Tomorrow is Thanksgiving. Thanksgiving is a time to celebrate the wonderful gifts that God has given us out of his immeasurable supply of grace.

Thanksgiving began in 1863, when Abraham Lincoln declared it a national holiday. Of course, he was remembering, and we remember the first Thanksgiving, in the fall of 1621, more than 200 years earlier.

We remember the pilgrims who came to this land on a boat called the Mayflower. They landed the Mayflower at Plymouth Rock about this time of year, just before the winter. There were no cities, no houses, no grocery stores, no shops that sold blankets or clothes or even wood to make a house or a bed. God helped them to survive through the cold cold winter of what later became Massachusetts. They met some Indian friends who were tremendously helpful. When springtime came, their new friends helped them plant corn and cranberries and other vegetables. God helped them all along the way and when November came around again, they were so thankful to their Indian friends and especially to God that they had a special celebration. The pilgrims invited their friends and had a party that lasted for 3 days. They ate fish, chicken, turkey, corn, strawberries, grapes, beans, walnuts and a variety of other foods. This was the first Thanksgiving.

On this special holiday we remember all the things we are thankful for. What were the pilgrims thankful for? Why did they start the tradition of Thanksgiving? Well, to answer this question, we need to remember their story.

Before the pilgrims lived in America, they lived in England. Now in the early 1600s England was a very different place than it is now. This is shortly after the Reformation and religious tension is high. There was no such thing as religious freedom – the state dictated how and when and who you would worship. Our future pilgrims were caught between their conscience and the King, which meant that many of them were killed for their faith.

The pilgrims were desperate. They dreamed of a free country, but they needed a lot of money to sail all the way across the ocean to America. God performed a miracle to provide a boat called the Mayflower. It was a risky venture to travel on the open sea, especially for amateurs.

Now, the trip from the Old World to the New World took about 2 months. The Mayflower was not a big boat; really, it was pretty small. Many of the pilgrims got seasick, but they prayed to God, and they knew that he was in control. In the end, none of the pilgrims died on the journey, which was a small miracle in itself.

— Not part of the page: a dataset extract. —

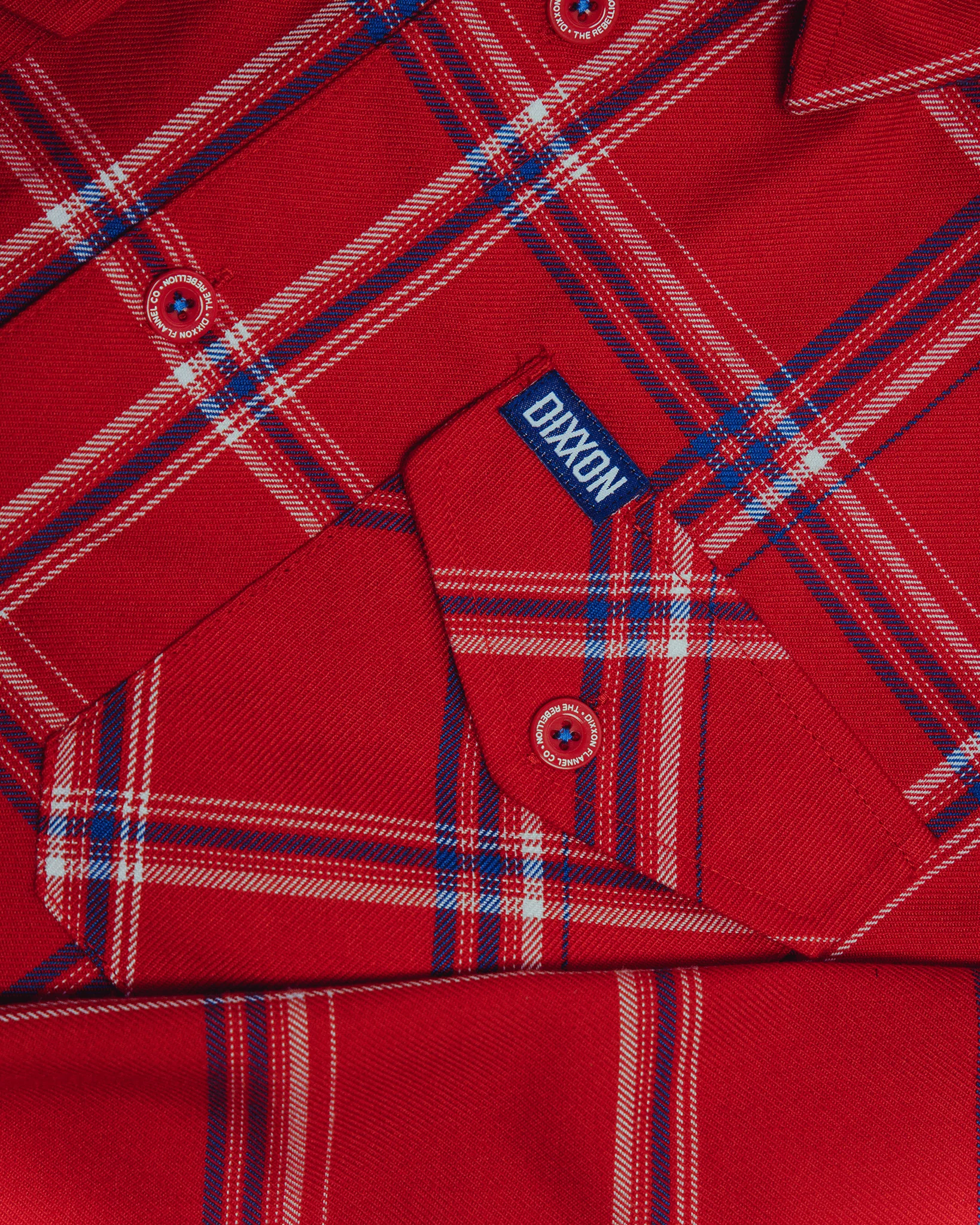Women's Rebellion Flannel - Image 3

So what were the pilgrims thankful for when they had the first thanksgiving meal in 1621? Certainly they were thankful for the good food, and their friends the Indians, and for the safe trip on the Mayflower, and for their families. But most of all, they were thankful that God saved them from a country where they could not worship him.

Today we are also thankful for good food we will enjoy tomorrow, for the company of family and friends, for the safe journey of those who have traveled far. But more than all of this, we are thankful that Christ saved us from a place where we could not worship him. All of us were once enemies of God, but Christ, by his life and death and resurrection, has brought us into a relationship with himself. We have been brought from death to life, from darkness to light, from oppression, to liberty.

In a few weeks, we will celebrate the time when Christ became a human to die in our place so that we could know and love him. The pilgrims were given the life-giving freedom to worship by the dangerous crossing of the Atlantic Ocean. We have been given the freedom to worship for eternity by the fatal crushing of Jesus on the cross of Calvary.

While we were yet sinners, Christ died for us. And this is love, not that we loved him, but that he loved us and sent his son to be the substitute for our sin so that those of us to believe in Christ and call on his name, should not perish, but should be adopted as sons of the living God. This is what we are thankful for today, above all.